== DATA TO PROCESS ==
—————

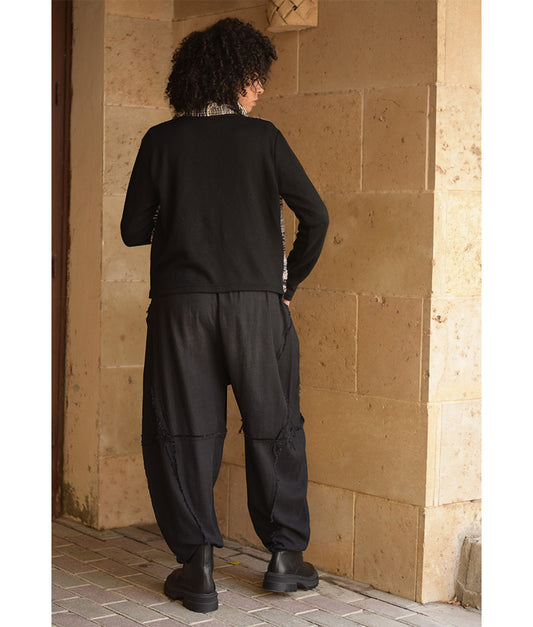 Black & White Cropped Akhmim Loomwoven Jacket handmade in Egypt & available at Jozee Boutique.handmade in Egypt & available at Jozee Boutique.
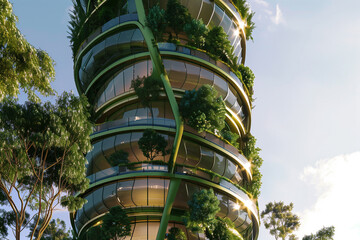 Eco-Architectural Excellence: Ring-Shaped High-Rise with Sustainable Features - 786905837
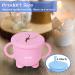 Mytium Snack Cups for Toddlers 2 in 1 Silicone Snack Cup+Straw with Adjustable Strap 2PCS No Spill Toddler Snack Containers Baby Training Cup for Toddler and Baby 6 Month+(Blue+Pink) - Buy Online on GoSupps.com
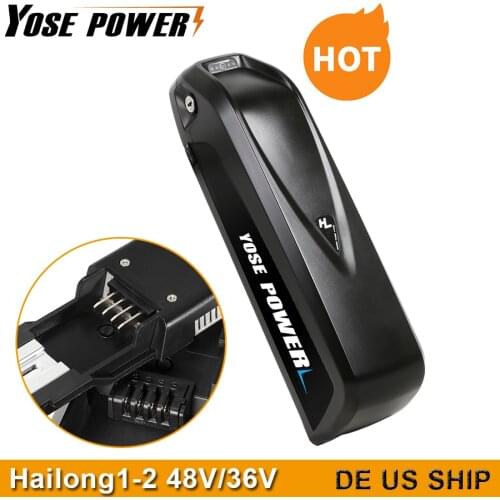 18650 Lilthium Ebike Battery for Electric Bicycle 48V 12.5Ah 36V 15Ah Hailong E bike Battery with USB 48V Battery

—————

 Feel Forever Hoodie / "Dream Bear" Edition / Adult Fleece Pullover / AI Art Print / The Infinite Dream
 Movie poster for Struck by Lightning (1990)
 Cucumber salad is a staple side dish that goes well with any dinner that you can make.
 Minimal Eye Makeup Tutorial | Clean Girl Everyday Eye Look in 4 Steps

—————

Please make an exact copy of the lines above from the line with "Feel Forever Hoodie" through the line with "Cucumber salad is", both ends included.

 Feel Forever Hoodie / "Dream Bear" Edition / Adult Fleece Pullover / AI Art Print / The Infinite Dream
 Movie poster for Struck by Lightning (1990)
 Cucumber salad is a staple side dish that goes well with any dinner that you can make.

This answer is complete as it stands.